▶ **Short descriptive text snippets**
____
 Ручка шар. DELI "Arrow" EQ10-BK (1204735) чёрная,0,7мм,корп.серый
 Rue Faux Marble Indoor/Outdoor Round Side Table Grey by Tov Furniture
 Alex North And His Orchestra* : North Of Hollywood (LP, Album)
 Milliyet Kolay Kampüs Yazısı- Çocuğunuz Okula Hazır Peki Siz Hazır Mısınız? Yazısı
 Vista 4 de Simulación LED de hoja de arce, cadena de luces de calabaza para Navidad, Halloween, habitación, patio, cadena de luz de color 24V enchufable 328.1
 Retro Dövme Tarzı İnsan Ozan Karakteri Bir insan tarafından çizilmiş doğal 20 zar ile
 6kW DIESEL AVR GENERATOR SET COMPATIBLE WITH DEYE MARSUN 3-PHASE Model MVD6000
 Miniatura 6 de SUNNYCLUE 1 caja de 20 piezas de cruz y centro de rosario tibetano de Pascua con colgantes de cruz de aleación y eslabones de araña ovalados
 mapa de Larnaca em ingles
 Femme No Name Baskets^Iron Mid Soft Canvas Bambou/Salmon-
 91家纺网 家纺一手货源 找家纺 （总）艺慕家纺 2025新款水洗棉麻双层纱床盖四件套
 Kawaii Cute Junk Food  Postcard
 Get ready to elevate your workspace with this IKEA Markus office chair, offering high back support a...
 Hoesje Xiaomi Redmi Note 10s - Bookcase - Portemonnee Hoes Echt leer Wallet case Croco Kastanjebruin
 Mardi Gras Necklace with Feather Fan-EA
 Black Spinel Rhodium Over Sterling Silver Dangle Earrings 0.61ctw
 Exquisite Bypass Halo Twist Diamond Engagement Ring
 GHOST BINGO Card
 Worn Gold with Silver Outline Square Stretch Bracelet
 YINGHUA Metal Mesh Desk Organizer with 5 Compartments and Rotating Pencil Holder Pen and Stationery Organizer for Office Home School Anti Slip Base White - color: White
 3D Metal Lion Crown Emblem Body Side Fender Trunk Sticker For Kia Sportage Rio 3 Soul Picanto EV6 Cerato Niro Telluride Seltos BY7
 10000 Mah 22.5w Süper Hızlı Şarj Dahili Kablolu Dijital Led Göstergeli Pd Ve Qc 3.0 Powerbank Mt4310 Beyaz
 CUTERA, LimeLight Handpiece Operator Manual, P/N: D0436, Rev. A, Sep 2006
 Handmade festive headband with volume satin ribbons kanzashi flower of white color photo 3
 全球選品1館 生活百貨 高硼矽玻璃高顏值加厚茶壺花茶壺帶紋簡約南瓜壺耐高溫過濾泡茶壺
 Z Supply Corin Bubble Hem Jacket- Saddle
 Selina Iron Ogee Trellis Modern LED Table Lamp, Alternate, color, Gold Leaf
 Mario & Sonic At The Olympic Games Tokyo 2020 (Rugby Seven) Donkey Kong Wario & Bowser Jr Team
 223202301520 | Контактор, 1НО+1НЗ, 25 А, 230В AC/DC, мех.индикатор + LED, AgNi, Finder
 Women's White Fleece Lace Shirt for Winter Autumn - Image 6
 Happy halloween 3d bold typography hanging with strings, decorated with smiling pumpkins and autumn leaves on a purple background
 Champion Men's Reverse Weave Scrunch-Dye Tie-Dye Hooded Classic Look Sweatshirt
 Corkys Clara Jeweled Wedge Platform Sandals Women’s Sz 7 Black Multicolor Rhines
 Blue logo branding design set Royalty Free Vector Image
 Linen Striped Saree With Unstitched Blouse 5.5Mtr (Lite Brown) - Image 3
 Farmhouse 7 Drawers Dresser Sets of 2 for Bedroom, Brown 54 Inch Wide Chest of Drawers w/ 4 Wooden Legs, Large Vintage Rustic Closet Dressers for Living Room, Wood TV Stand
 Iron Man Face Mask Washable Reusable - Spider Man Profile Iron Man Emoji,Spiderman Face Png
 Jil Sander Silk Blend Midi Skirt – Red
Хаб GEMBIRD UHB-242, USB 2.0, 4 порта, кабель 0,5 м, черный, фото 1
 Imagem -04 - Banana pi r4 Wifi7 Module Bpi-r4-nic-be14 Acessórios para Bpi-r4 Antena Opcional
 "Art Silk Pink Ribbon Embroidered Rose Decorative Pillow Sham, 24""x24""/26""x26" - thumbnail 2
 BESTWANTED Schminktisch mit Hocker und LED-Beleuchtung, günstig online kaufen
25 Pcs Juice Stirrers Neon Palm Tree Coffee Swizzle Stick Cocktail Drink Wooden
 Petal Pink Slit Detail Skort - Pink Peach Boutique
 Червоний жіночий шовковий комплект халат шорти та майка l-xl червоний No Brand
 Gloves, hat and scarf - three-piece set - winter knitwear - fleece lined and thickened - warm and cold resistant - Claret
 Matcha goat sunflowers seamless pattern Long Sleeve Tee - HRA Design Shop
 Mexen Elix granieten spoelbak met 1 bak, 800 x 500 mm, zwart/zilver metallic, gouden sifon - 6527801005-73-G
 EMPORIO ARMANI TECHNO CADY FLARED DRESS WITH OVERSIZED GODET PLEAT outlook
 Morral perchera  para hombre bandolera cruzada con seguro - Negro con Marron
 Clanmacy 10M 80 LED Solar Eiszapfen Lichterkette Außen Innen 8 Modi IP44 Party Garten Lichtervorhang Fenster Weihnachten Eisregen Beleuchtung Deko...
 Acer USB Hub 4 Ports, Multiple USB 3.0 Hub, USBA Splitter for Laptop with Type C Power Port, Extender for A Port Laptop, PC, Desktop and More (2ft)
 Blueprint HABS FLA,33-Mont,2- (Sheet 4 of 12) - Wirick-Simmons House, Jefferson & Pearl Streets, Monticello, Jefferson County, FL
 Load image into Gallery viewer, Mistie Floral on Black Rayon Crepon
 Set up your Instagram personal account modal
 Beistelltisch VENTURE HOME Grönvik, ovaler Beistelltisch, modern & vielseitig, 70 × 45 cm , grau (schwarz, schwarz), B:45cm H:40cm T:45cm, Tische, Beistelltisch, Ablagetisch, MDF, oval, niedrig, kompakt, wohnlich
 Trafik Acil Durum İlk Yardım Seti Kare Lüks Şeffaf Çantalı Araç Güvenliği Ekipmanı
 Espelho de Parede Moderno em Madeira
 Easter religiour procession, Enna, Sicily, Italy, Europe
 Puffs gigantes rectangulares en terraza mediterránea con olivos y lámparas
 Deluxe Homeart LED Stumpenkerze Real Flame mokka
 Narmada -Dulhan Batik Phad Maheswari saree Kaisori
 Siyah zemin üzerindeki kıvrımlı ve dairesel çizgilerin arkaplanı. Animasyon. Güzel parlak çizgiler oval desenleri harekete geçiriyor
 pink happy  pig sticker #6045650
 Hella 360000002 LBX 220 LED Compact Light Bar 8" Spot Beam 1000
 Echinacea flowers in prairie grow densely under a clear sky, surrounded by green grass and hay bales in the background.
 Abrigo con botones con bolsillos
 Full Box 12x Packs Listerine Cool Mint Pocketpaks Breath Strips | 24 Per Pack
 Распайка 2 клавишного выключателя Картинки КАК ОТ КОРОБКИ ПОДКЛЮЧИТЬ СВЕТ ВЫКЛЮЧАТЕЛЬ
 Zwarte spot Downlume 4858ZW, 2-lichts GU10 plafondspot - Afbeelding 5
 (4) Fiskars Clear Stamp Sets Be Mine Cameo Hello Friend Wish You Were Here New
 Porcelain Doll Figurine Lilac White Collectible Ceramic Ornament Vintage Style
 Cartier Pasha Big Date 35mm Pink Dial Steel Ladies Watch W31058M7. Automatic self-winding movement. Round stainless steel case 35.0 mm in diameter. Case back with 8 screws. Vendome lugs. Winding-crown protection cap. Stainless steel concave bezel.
____
Output each entry exactly. Leave none out.

▶ **Final answer**
 Ручка шар. DELI "Arrow" EQ10-BK (1204735) чёрная,0,7мм,корп.серый
 Rue Faux Marble Indoor/Outdoor Round Side Table Grey by Tov Furniture
 Alex North And His Orchestra* : North Of Hollywood (LP, Album)
 Milliyet Kolay Kampüs Yazısı- Çocuğunuz Okula Hazır Peki Siz Hazır Mısınız? Yazısı
 Vista 4 de Simulación LED de hoja de arce, cadena de luces de calabaza para Navidad, Halloween, habitación, patio, cadena de luz de color 24V enchufable 328.1
 Retro Dövme Tarzı İnsan Ozan Karakteri Bir insan tarafından çizilmiş doğal 20 zar ile
 6kW DIESEL AVR GENERATOR SET COMPATIBLE WITH DEYE MARSUN 3-PHASE Model MVD6000
 Miniatura 6 de SUNNYCLUE 1 caja de 20 piezas de cruz y centro de rosario tibetano de Pascua con colgantes de cruz de aleación y eslabones de araña ovalados
 mapa de Larnaca em ingles
 Femme No Name Baskets^Iron Mid Soft Canvas Bambou/Salmon-
 91家纺网 家纺一手货源 找家纺 （总）艺慕家纺 2025新款水洗棉麻双层纱床盖四件套
 Kawaii Cute Junk Food  Postcard
 Get ready to elevate your workspace with this IKEA Markus office chair, offering high back support a...
 Hoesje Xiaomi Redmi Note 10s - Bookcase - Portemonnee Hoes Echt leer Wallet case Croco Kastanjebruin
 Mardi Gras Necklace with Feather Fan-EA
 Black Spinel Rhodium Over Sterling Silver Dangle Earrings 0.61ctw
 Exquisite Bypass Halo Twist Diamond Engagement Ring
 GHOST BINGO Card
 Worn Gold with Silver Outline Square Stretch Bracelet
 YINGHUA Metal Mesh Desk Organizer with 5 Compartments and Rotating Pencil Holder Pen and Stationery Organizer for Office Home School Anti Slip Base White - color: White
 3D Metal Lion Crown Emblem Body Side Fender Trunk Sticker For Kia Sportage Rio 3 Soul Picanto EV6 Cerato Niro Telluride Seltos BY7
 10000 Mah 22.5w Süper Hızlı Şarj Dahili Kablolu Dijital Led Göstergeli Pd Ve Qc 3.0 Powerbank Mt4310 Beyaz
 CUTERA, LimeLight Handpiece Operator Manual, P/N: D0436, Rev. A, Sep 2006
 Handmade festive headband with volume satin ribbons kanzashi flower of white color photo 3
 全球選品1館 生活百貨 高硼矽玻璃高顏值加厚茶壺花茶壺帶紋簡約南瓜壺耐高溫過濾泡茶壺
 Z Supply Corin Bubble Hem Jacket- Saddle
 Selina Iron Ogee Trellis Modern LED Table Lamp, Alternate, color, Gold Leaf
 Mario & Sonic At The Olympic Games Tokyo 2020 (Rugby Seven) Donkey Kong Wario & Bowser Jr Team
 223202301520 | Контактор, 1НО+1НЗ, 25 А, 230В AC/DC, мех.индикатор + LED, AgNi, Finder
 Women's White Fleece Lace Shirt for Winter Autumn - Image 6
 Happy halloween 3d bold typography hanging with strings, decorated with smiling pumpkins and autumn leaves on a purple background
 Champion Men's Reverse Weave Scrunch-Dye Tie-Dye Hooded Classic Look Sweatshirt
 Corkys Clara Jeweled Wedge Platform Sandals Women’s Sz 7 Black Multicolor Rhines
 Blue logo branding design set Royalty Free Vector Image
 Linen Striped Saree With Unstitched Blouse 5.5Mtr (Lite Brown) - Image 3
 Farmhouse 7 Drawers Dresser Sets of 2 for Bedroom, Brown 54 Inch Wide Chest of Drawers w/ 4 Wooden Legs, Large Vintage Rustic Closet Dressers for Living Room, Wood TV Stand
 Iron Man Face Mask Washable Reusable - Spider Man Profile Iron Man Emoji,Spiderman Face Png
 Jil Sander Silk Blend Midi Skirt – Red
Хаб GEMBIRD UHB-242, USB 2.0, 4 порта, кабель 0,5 м, черный, фото 1
 Imagem -04 - Banana pi r4 Wifi7 Module Bpi-r4-nic-be14 Acessórios para Bpi-r4 Antena Opcional
 "Art Silk Pink Ribbon Embroidered Rose Decorative Pillow Sham, 24""x24""/26""x26" - thumbnail 2
 BESTWANTED Schminktisch mit Hocker und LED-Beleuchtung, günstig online kaufen
25 Pcs Juice Stirrers Neon Palm Tree Coffee Swizzle Stick Cocktail Drink Wooden
 Petal Pink Slit Detail Skort - Pink Peach Boutique
 Червоний жіночий шовковий комплект халат шорти та майка l-xl червоний No Brand
 Gloves, hat and scarf - three-piece set - winter knitwear - fleece lined and thickened - warm and cold resistant - Claret
 Matcha goat sunflowers seamless pattern Long Sleeve Tee - HRA Design Shop
 Mexen Elix granieten spoelbak met 1 bak, 800 x 500 mm, zwart/zilver metallic, gouden sifon - 6527801005-73-G
 EMPORIO ARMANI TECHNO CADY FLARED DRESS WITH OVERSIZED GODET PLEAT outlook
 Morral perchera  para hombre bandolera cruzada con seguro - Negro con Marron
 Clanmacy 10M 80 LED Solar Eiszapfen Lichterkette Außen Innen 8 Modi IP44 Party Garten Lichtervorhang Fenster Weihnachten Eisregen Beleuchtung Deko...
 Acer USB Hub 4 Ports, Multiple USB 3.0 Hub, USBA Splitter for Laptop with Type C Power Port, Extender for A Port Laptop, PC, Desktop and More (2ft)
 Blueprint HABS FLA,33-Mont,2- (Sheet 4 of 12) - Wirick-Simmons House, Jefferson & Pearl Streets, Monticello, Jefferson County, FL
 Load image into Gallery viewer, Mistie Floral on Black Rayon Crepon
 Set up your Instagram personal account modal
 Beistelltisch VENTURE HOME Grönvik, ovaler Beistelltisch, modern & vielseitig, 70 × 45 cm , grau (schwarz, schwarz), B:45cm H:40cm T:45cm, Tische, Beistelltisch, Ablagetisch, MDF, oval, niedrig, kompakt, wohnlich
 Trafik Acil Durum İlk Yardım Seti Kare Lüks Şeffaf Çantalı Araç Güvenliği Ekipmanı
 Espelho de Parede Moderno em Madeira
 Easter religiour procession, Enna, Sicily, Italy, Europe
 Puffs gigantes rectangulares en terraza mediterránea con olivos y lámparas
 Deluxe Homeart LED Stumpenkerze Real Flame mokka
 Narmada -Dulhan Batik Phad Maheswari saree Kaisori
 Siyah zemin üzerindeki kıvrımlı ve dairesel çizgilerin arkaplanı. Animasyon. Güzel parlak çizgiler oval desenleri harekete geçiriyor
 pink happy  pig sticker #6045650
 Hella 360000002 LBX 220 LED Compact Light Bar 8" Spot Beam 1000
 Echinacea flowers in prairie grow densely under a clear sky, surrounded by green grass and hay bales in the background.
 Abrigo con botones con bolsillos
 Full Box 12x Packs Listerine Cool Mint Pocketpaks Breath Strips | 24 Per Pack
 Распайка 2 клавишного выключателя Картинки КАК ОТ КОРОБКИ ПОДКЛЮЧИТЬ СВЕТ ВЫКЛЮЧАТЕЛЬ
 Zwarte spot Downlume 4858ZW, 2-lichts GU10 plafondspot - Afbeelding 5
 (4) Fiskars Clear Stamp Sets Be Mine Cameo Hello Friend Wish You Were Here New
 Porcelain Doll Figurine Lilac White Collectible Ceramic Ornament Vintage Style
 Cartier Pasha Big Date 35mm Pink Dial Steel Ladies Watch W31058M7. Automatic self-winding movement. Round stainless steel case 35.0 mm in diameter. Case back with 8 screws. Vendome lugs. Winding-crown protection cap. Stainless steel concave bezel.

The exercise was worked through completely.